A firewall decides which packets can enter a system and which packets can leave a system. For more information about firewalls, we recommend you check the Firewalls room. Without a firewall, a client can communicate with any server without restrictions; moreover, a client can function as a server and listen for incoming connections from other clients. In other words, if an attacker manages to exploit a vulnerability on a system without a firewall in place, the attacker could use the exploit to listen on a chosen port number on the victim’s machine and connect to it without any restrictions.

Setting up a firewall offers many security benefits. First and foremost, firewall rules provide fine control over which packets can leave your system and which packets can enter your system. Consequently, firewall rules help mitigate various security risks by controlling network traffic between devices. More importantly, firewall rules can be devised to ensure that no client can act as a server. In other words, an attacker cannot start a reachable listening port on a target machine; the exploit can start a listening port, but the firewall will prevent all incoming connection attempts.

A host-based firewall is a piece of software installed on a system we want to protect. Unlike a network-based firewall, the host-based firewall restricts network packets to and from a single host. The firewall has two main functions:

  • What can enter? Allow or deny packets from entering a system.
  • What can leave? Allow or deny packets from leaving a system.

Imposing rules on the packets entering and leaving a system will significantly improve our security posture. Let’s investigate how we can achieve this on a Linux system.

The first Linux firewall was a packet filtering firewall, i.e., a stateless firewall. A stateless firewall can inspect certain fields in the IP and TCP/UDP headers to decide upon a packet but does not maintain information about ongoing TCP connections. As a result, a packet can manipulate a few TCP flags to appear as if it is part of an ongoing connection and evade certain restrictions. Current Linux firewalls are stateful firewalls; they keep track of ongoing connections and restrict packets based on specific fields in the IP and TCP/UDP headers and based on whether the packet is part of an ongoing connection.

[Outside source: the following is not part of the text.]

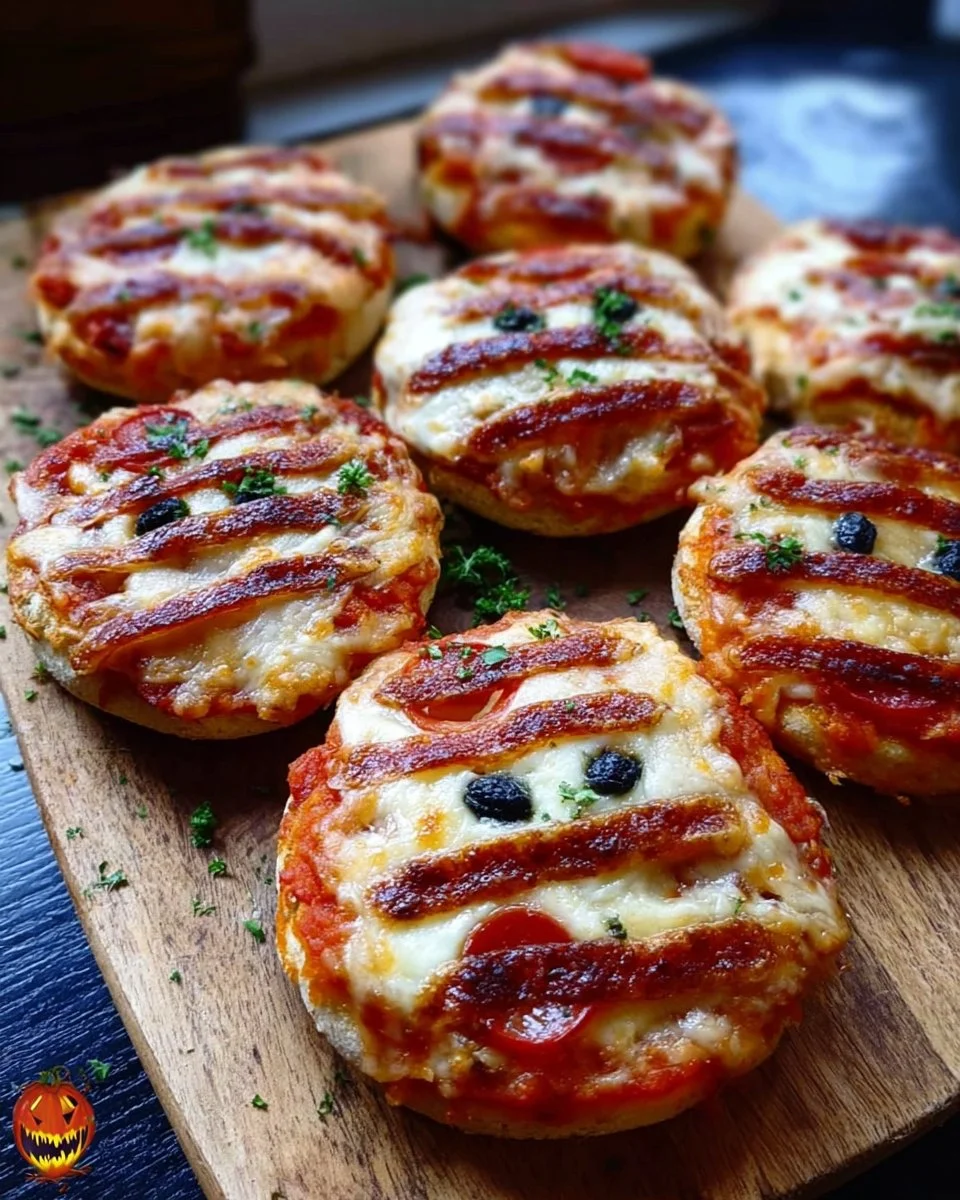 Mini-pizzas momie dorées, délicieuses et amusantes pour Halloween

The IP header fields that find their way into the firewall rules are:

  1. Source IP address
  2. Destination IP address

The TCP/UDP header fields that are of primary concern for firewall rules are:

  1. Source TCP/UDP port
  2. Destination TCP/UDP port

It is worth noting that it is impossible to allow and deny packets based on the process but instead on the port number. If you want the web browser to access the web, you must allow the respective ports, such as ports 80 and 443. This limitation differs from MS Windows’ built-in firewall, which can restrict and allow traffic per application.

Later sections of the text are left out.